Assignment >> Search the listing below for the line containing "Beautiful white petals earrings". From there through the line containing "Widok z tyłu po stronie prawej", transcribe every line exactly, both ends included.

Records for processing >>
--- START ---
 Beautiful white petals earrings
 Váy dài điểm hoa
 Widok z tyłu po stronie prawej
--- END ---
--- START ---
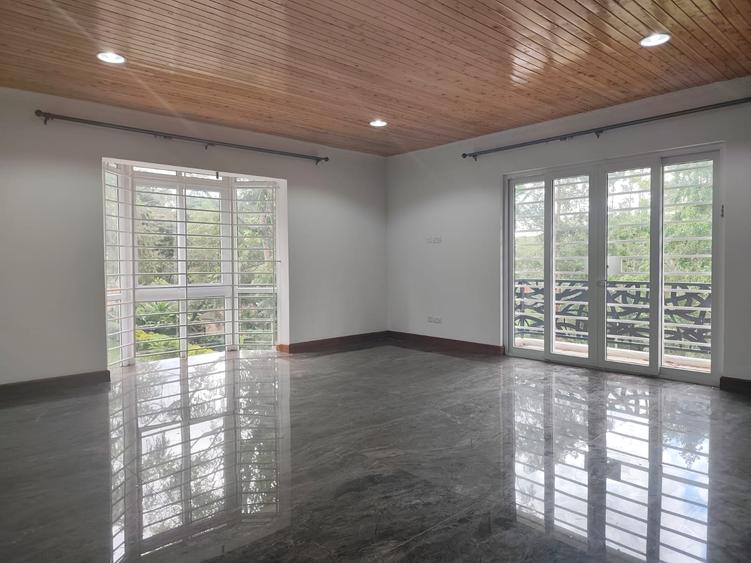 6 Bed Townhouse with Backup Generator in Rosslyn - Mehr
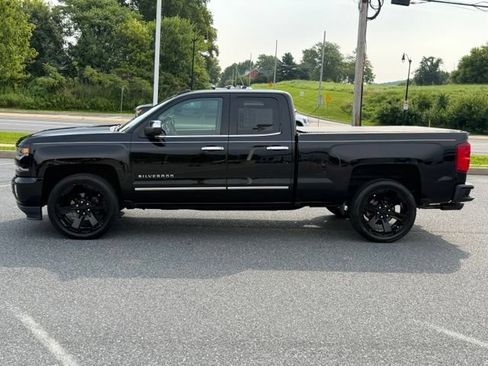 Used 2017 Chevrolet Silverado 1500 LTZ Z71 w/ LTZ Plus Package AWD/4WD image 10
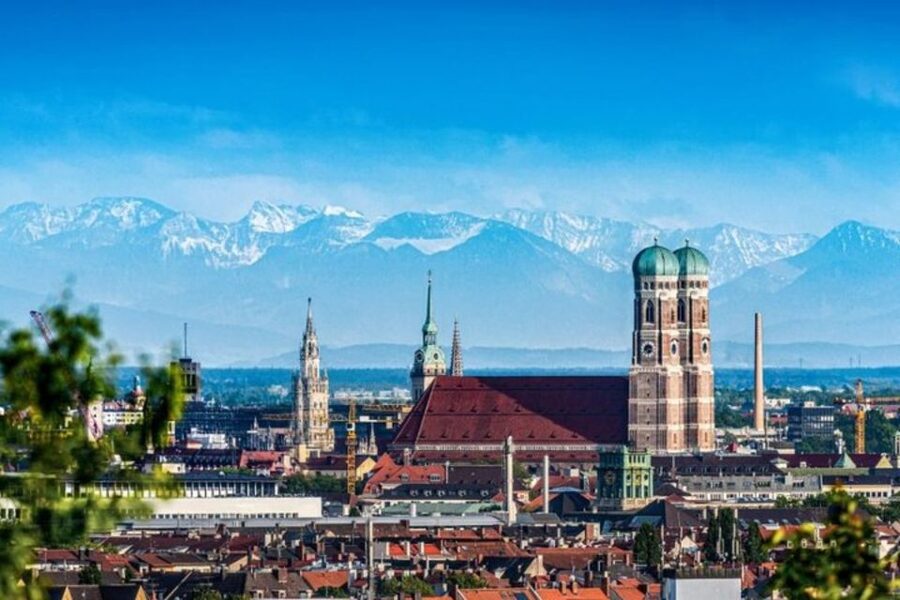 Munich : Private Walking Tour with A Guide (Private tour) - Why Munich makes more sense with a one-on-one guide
--- END ---
Exercise result >>
 Beautiful white petals earrings
 Váy dài điểm hoa
 Widok z tyłu po stronie prawej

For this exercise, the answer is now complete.